In occasione della morte di suo padre, Marcos ritorna in Argentina con la moglie Laura, che aspetta un bambino. Giunto nella sua terra d’origine, l’uomo deve convincere suo fratello Salvador, che vive isolato in mezzo alle montagne della Patagonia, a vendere il loro terreno di famiglia. I due hanno anche una sorella, Sabrina, tenuta in un istituto psichiatrico. I tre fratelli sono legati da un trauma del passato, quando un quarto fratello, il più piccolo, rimase ucciso accidentalmente durante una battuta di caccia nei boschi. E intanto, a poco a poco, il passato riaffiora… [sinossi]

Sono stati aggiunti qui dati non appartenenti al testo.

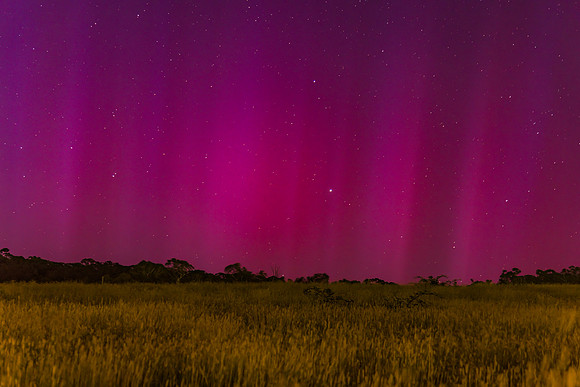 Aurora Australis display lights up the predawn sky in pinks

Se si ha a disposizione una storia non eccezionale, niente di meglio che collocarla in un’ambientazione aspra e fascinosa. Si fa bella figura con poco, poiché la stessa ambientazione cerca di tradursi in valore aggiunto e discorso. O almeno ci si prova. Neve nera, opera seconda dell’argentino Martìn Hodara, si radica per lo più in questa cooperazione espressiva che però, nei casi peggiori, può trasformarsi in contraddizione. Visivamente il film resta per buoni tratti affascinante, avvalendosi dei paesaggi ostili delle montagne in Patagonia, ma troppo spesso lungo il racconto la fiducia nel contributo dell’ambientazione naufraga quando i personaggi prendono la parola. Dalle note di regia si apprende che Hodara vorrebbe valorizzare i silenzi, sia quelli della natura muta sia quelli tra i personaggi. Verrebbe da dire che c’è da dispiacersi se i personaggi non se ne stanno zitti anche di più, specie un prototipo di moglie petulante e inopportuna come raramente se ne sono viste di recente al cinema.

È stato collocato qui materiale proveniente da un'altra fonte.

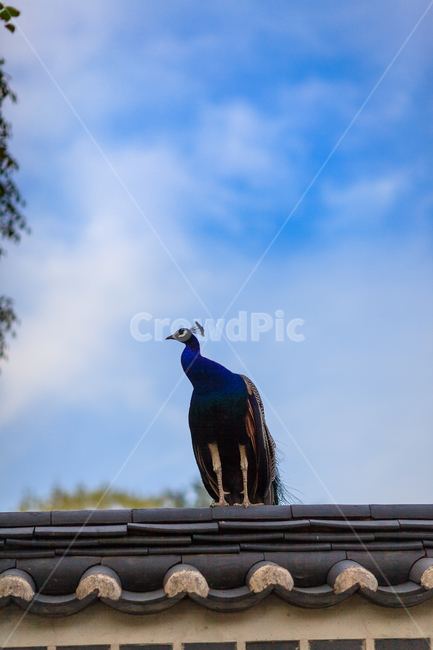 공작,동물원,깃털,자연,길,동물,animal,조류,새,birds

Subentra inoltre (e questa è una novità) un certo sospetto di “giocare sicuro” anche in terra argentina, che negli ultimi anni si è riconsolidata come luogo di un’ottima cinematografia con buona visibilità sul piano internazionale. Tanto da potersi permettere, forse, il lusso della produzione di vaglia, affidata al buon nome nazionale e internazionale di star come Ricardo Darìn e Leonardo Sbaraglia. Puntare più sulla valorizzazione del nome d’attore consolidato, sul suo carisma, e meno sull’accuratezza cinematografica. Insomma, quando un’industria (o, in senso meno perentorio, un “profilo espressivo”) raggiunge consapevolezza di sé, probabilmente si siede un po’ e vive di rendita. Lungo la visione di Neve nera la sensazione del “giocare sicuro” ricorre spesso. Esordendo con la struttura di un mystery davvero avvincente, Hodara mostra un buon armamentario espressivo, che svaria dall’uso funzionale della musica a un buon occhio cinematografico sui paesaggi innevati, all’evocazione di un universo di rapporti umani fondati sulla tensione esplicita/implicita che rimanda a brumosi passati.

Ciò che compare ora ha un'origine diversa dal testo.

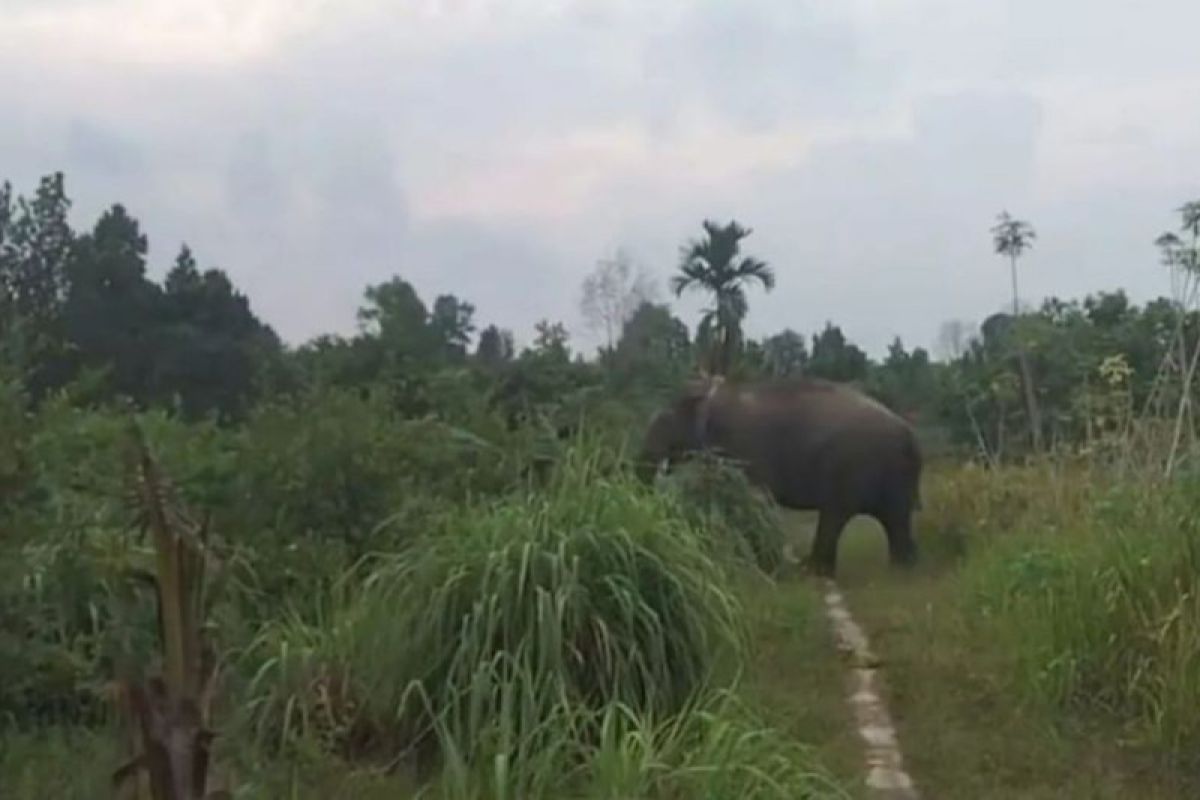 Menggiring gajah codet yang sering masuk perkebunan warga Riau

Altrettanto funzionale risulta il doppio livello narrativo che alterna senza soluzione di continuità presente narrativo e flashback (anche se vi è da rilevare un uso alquanto confuso del legame del flashback/immagine mentale a un’istanza ricordante o intuente, specie nel finale, in cui la moglie di cui sopra si produce in una catena di ragionamenti induttivi che manco Sherlock Holmes).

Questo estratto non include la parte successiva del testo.